Multiple itemtypes in Microdata

There’s a lot of discussion recently around HTML5′s microdata proposal, and how it relates to W3C’s earlier RDFa standard that is currently being updated for HTML5. Microdata solves many of the use cases of RDFa in a much simpler way. But some other use cases it cannot solve. This is because microdata assumes a world where there are very few or even just a single vocabulary; mixing vocabularies on a single item is rather difficult. Jeni Tennison has an excellent statement of the problem, along with a proposed solution.

In this post I put forward another proposal for addressing at least part of the problem.

The problem: microdata is limited to a single itemtype per element.

Why is this a problem? Because it makes mixing vocabularies really hard. If I decide to mark up an address with schema.org’s PostalAddress, then I can’t easily add markup for microdata’s built-in vCard vocabulary. I’ll have to repeat content in order to use both vocabularies. This design benefits the Google-backed schema.org; more focused special-purpose vocabularies, or open alternatives to schema.org with a transparent development process, will have a difficult stand.

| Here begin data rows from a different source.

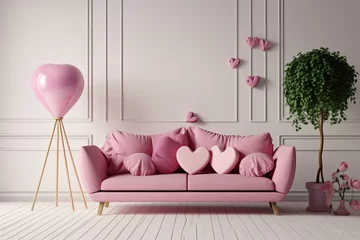 Foto op Plexiglas Valentine interior room have pink sofa and home decor for valentine's day, Generative AI  © Geetanjali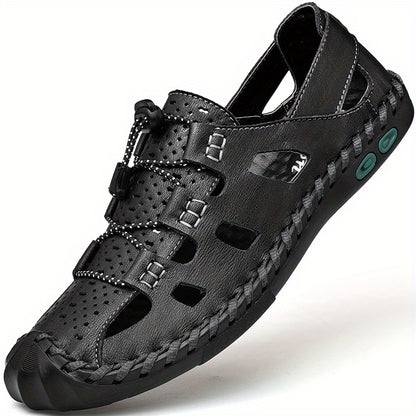 Men's Breathable Hollow Out Sandals, Closed Toe Fisherman Summer Shoes Hiking Beach Shoe Brown Black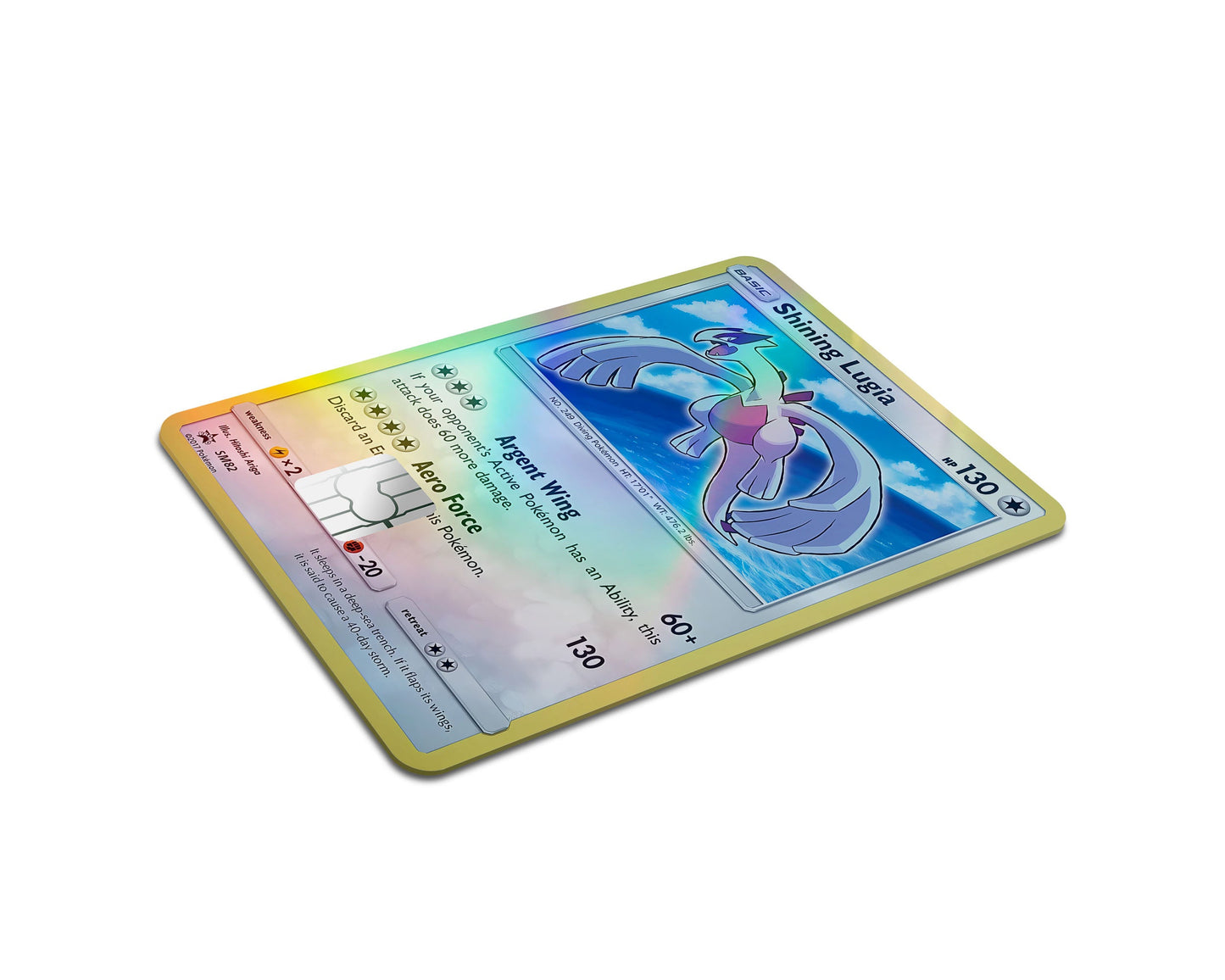 Anime Town Creations Holographic Credit Card Shining Lugia Pokemon Card Full Skins - Anime Pokemon Holographic Credit Card Skin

An example. So let’s assume I have this address and want to mark it up with microdata:

<div>
    <span>26 Dun Aengus</span>,
    <span>Galway</span>,
    <span>Ireland</span>.
</div>

Then here’s how I would do it with schema.org terms:

<div itemscope itemtype="http://schema.org/PostalAddress">
    <span itemprop="streetAddress">26 Dun Aengus</span>,
    <span itemprop="addressLocality">Galway</span>,
    <span itemprop="addressCountry">Ireland</span>.
</div>

And here with vCard terms:

<div itemscope itemtype="http://microformats.org/profile/hcard">
    <span itemprop="street-address">26 Dun Aengus</span>,
    <span itemprop="locality">Galway</span>,
    <span itemprop="country-name">Ireland</span>.
</div>

It is clear why combining both versions into a single one is difficult. Microdata uses short property names like itemprop="street-address". If an element had multiple itemtypes, then it would be impossible to tell which itemtype the street-address property belongs to. Assuming that it belongs to both types would be dangerous; there could be cases where a property exists in both vocabularies but with different meaning. The restriction to a single type prevents such ambiguity.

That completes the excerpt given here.